Aviva Strengthens Its IGD Solvency
Friday, May 1st, 2009AV disclosed in their recent Q1 results that they have strengthened their IGD solvency position, boosting the measure from £2.0 bln (31 Dec 08) to £2.5 bln (31 Mar 09). They have achieved this primarily in two ways. Firstly by increasing their hedges on their equity exposure such that a 40% fall in markets will only reduce their IGD solvency by £200 mln (as opposed to £800 mln at 31 Dec 2008) but still leaving themselves able to profit from a rally such that a 40% rise in equity markets will boost their solvency by £800 mln (it feels like they have bought put options in order to achieve this asymmetric pay-off profile).
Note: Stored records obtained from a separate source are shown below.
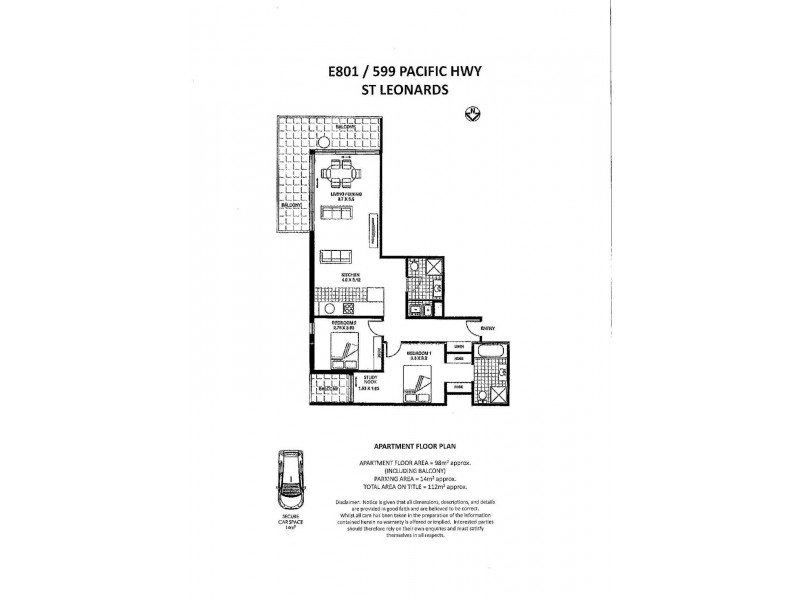 E801/599 Pacific Highway, St Leonards NSW 2065 Floorplan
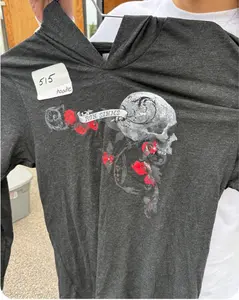 SIMMS Skull w/Vine Hoodie#515 Sturgis-Women -Grey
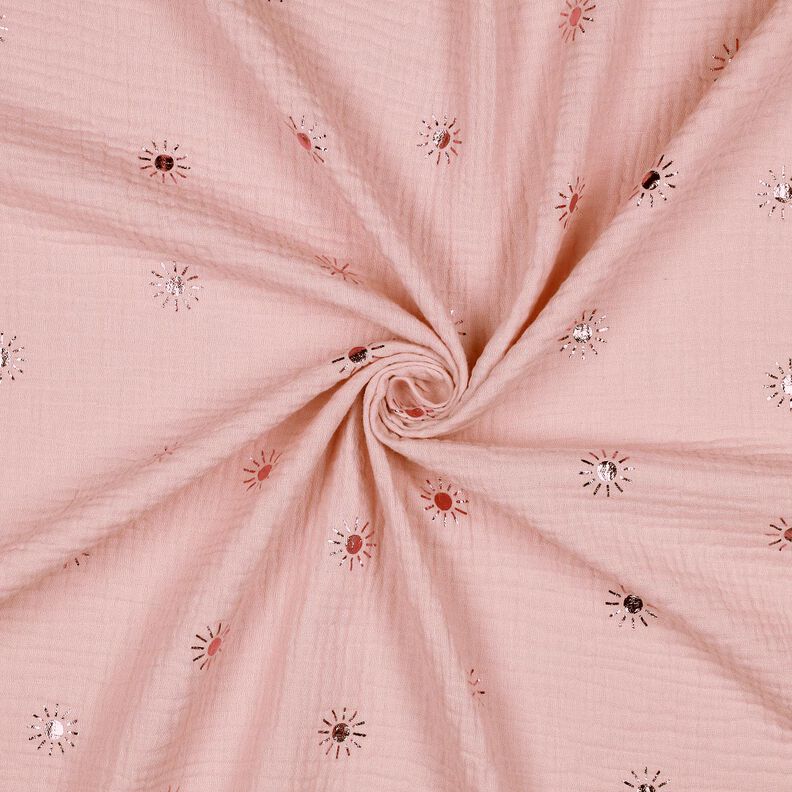 Muslin/Dubbel-krinkelväv Solar Folietryck | Poppy Fabrics – ljus gammelrosa/pastellviolett,  image number 3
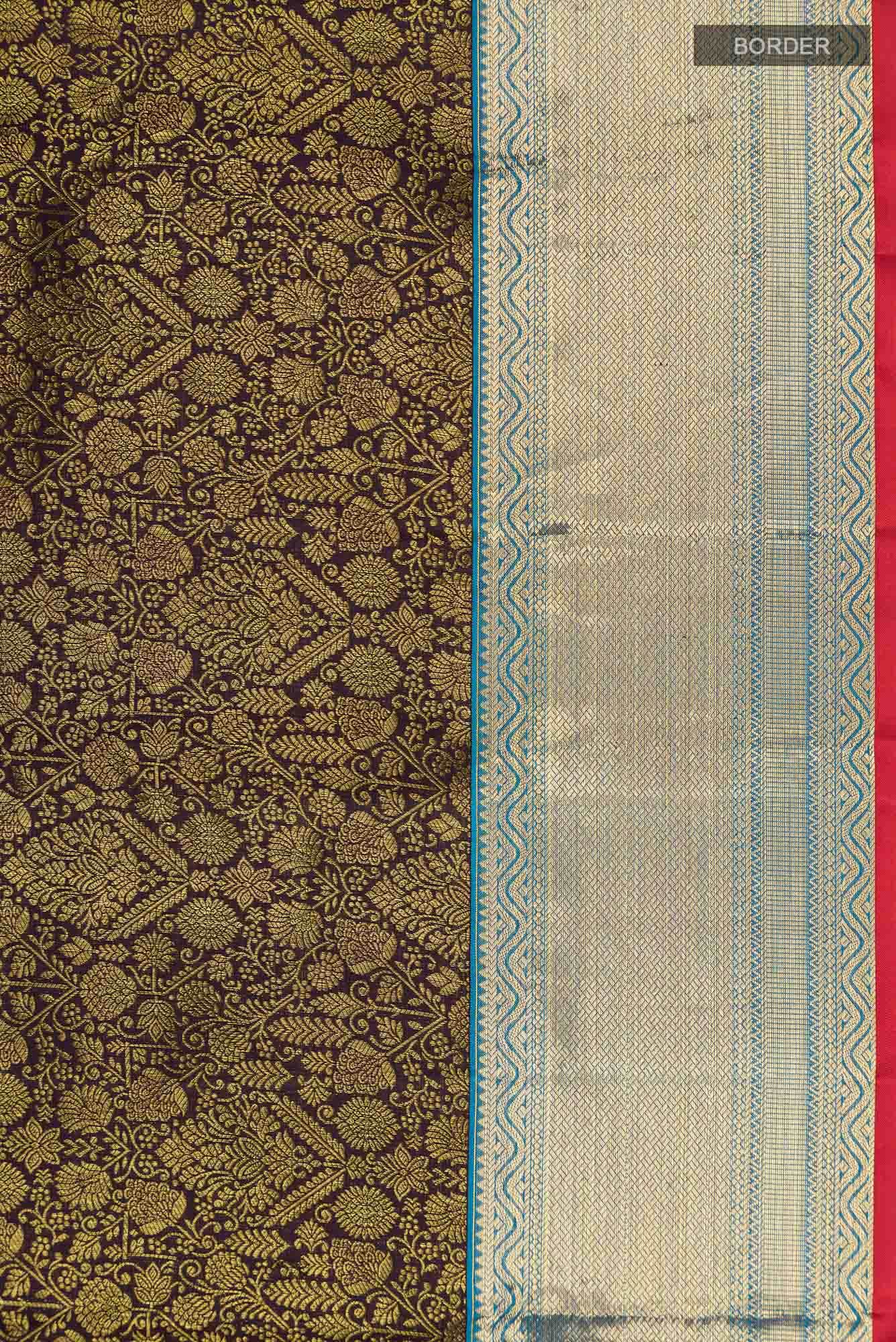Navy Blue Kanchipuram Silk Saree - Image 5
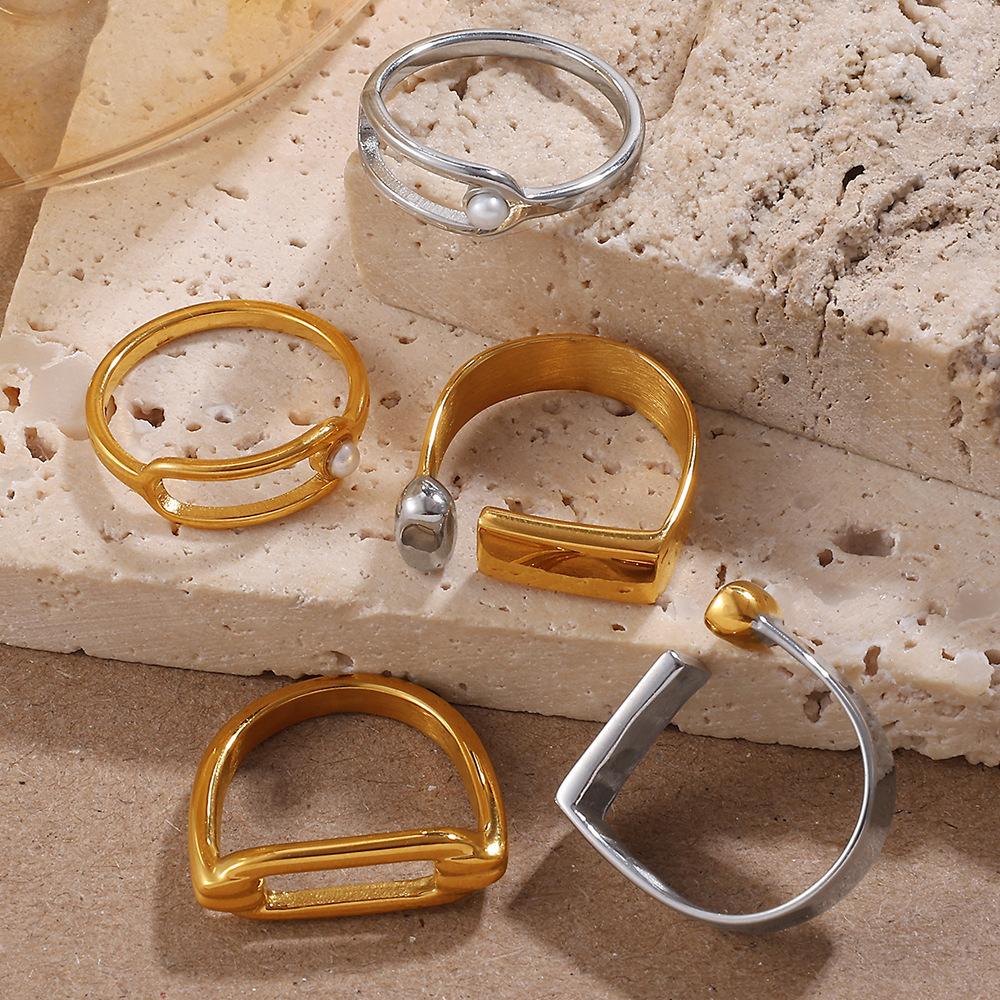 Minimalist hipster stainless steel double-layer ring niche design ring ring set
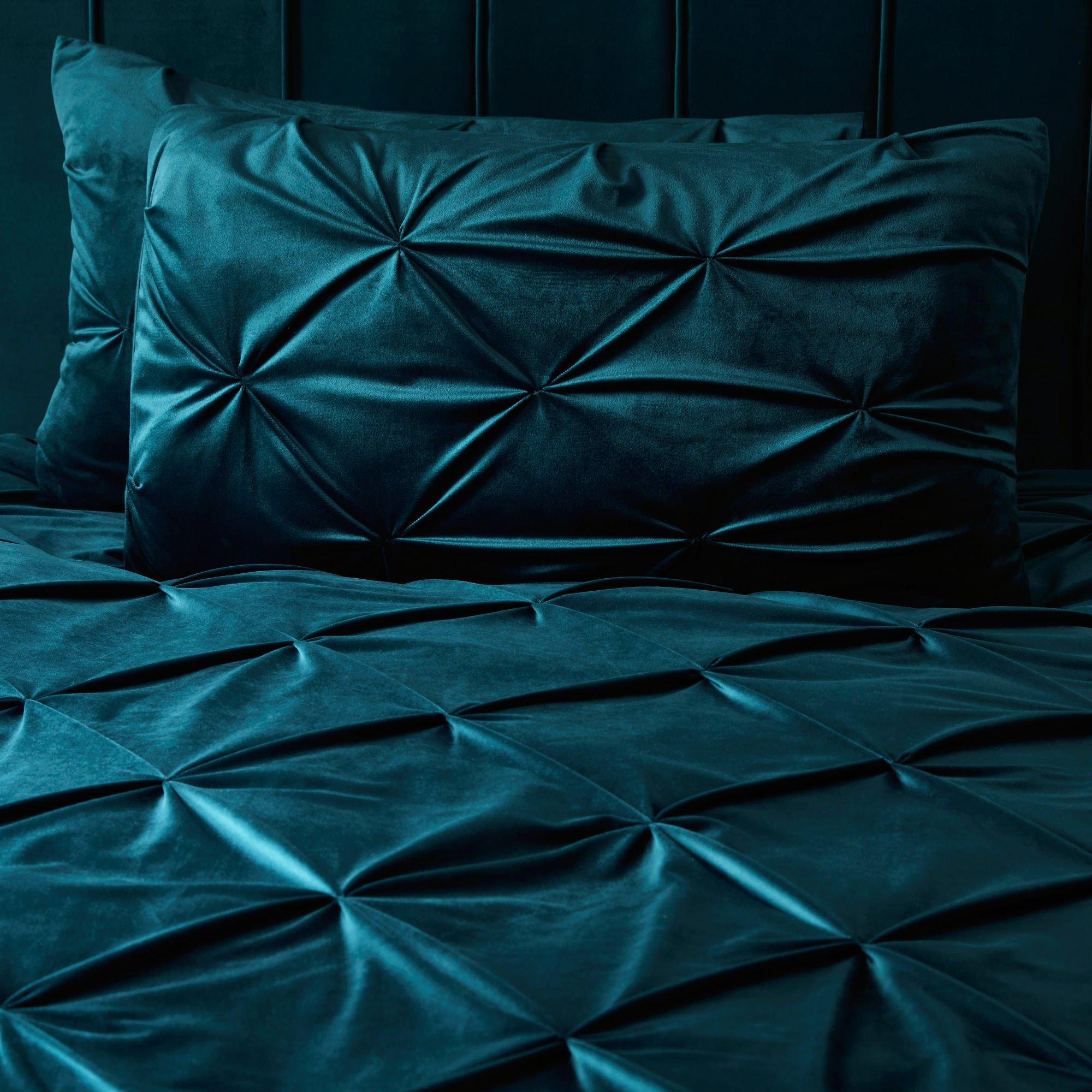 Teal - Serene Home - Mira Velvet Duvet Cover Set - 3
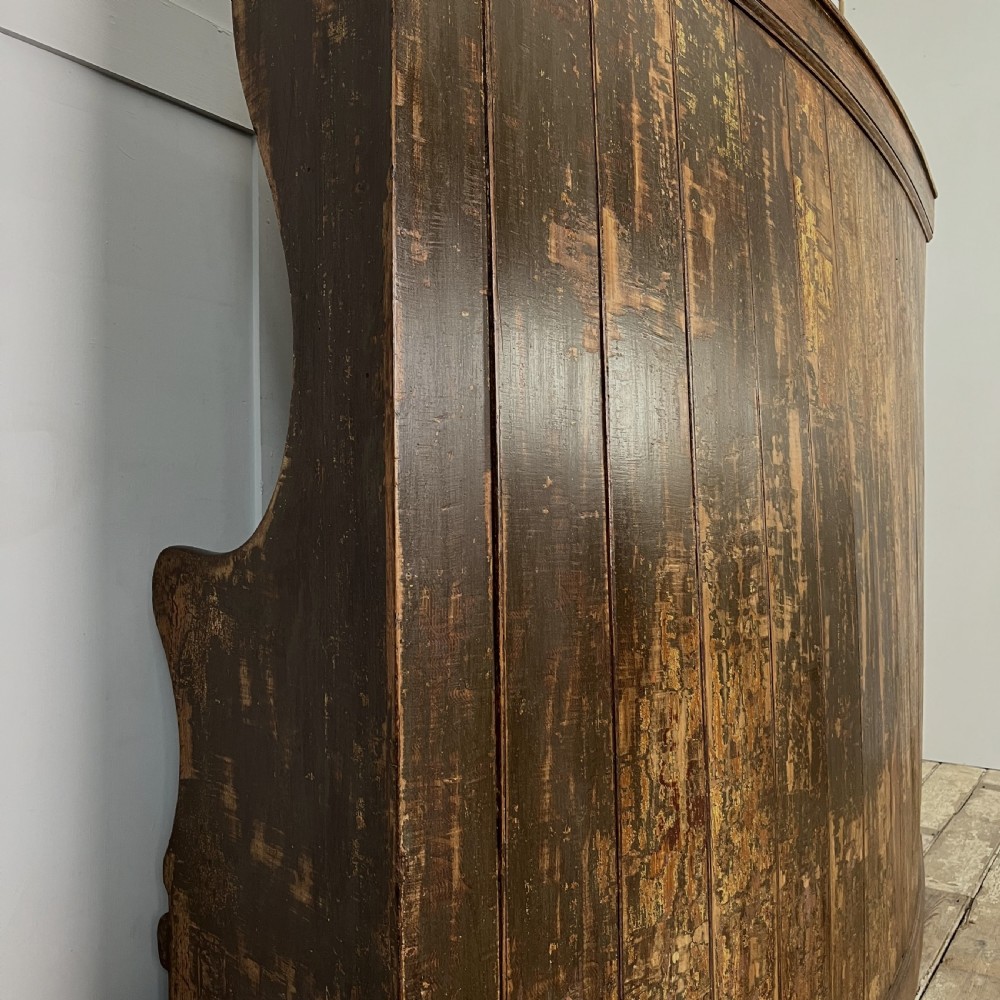 Mid 19th C. Pine Barrel Back Settle View XII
Secondly AV have announced that 35% of shareholders have taken up the scrip dividend offered in conjunction with Aviva’s 19.91 pence final dividend for 2008. In this way AV effectively retain an extra £200 mln of earnings that would otherwise be paid out as a cash dividend. Aviva are so pleased with this take-up that they plan to offer a scrip dividend alternative for the 2009 payout as well. In reality the recent scrip dividend is the equivalent of a 2.5% stock placing for cash, and as such it is mildly dilutive to earnings per share. Issuing scrip dividends also increases the cash cost of paying an unchanged dividend in future years.
However, the bottom line to all this is that Aviva’s 33 pence annual dividend has just become even safer and the likelihood of a rights issue recedes even further into the distance, and the risk of the NAV being undermined by a dilutive rights issue recedes along with it.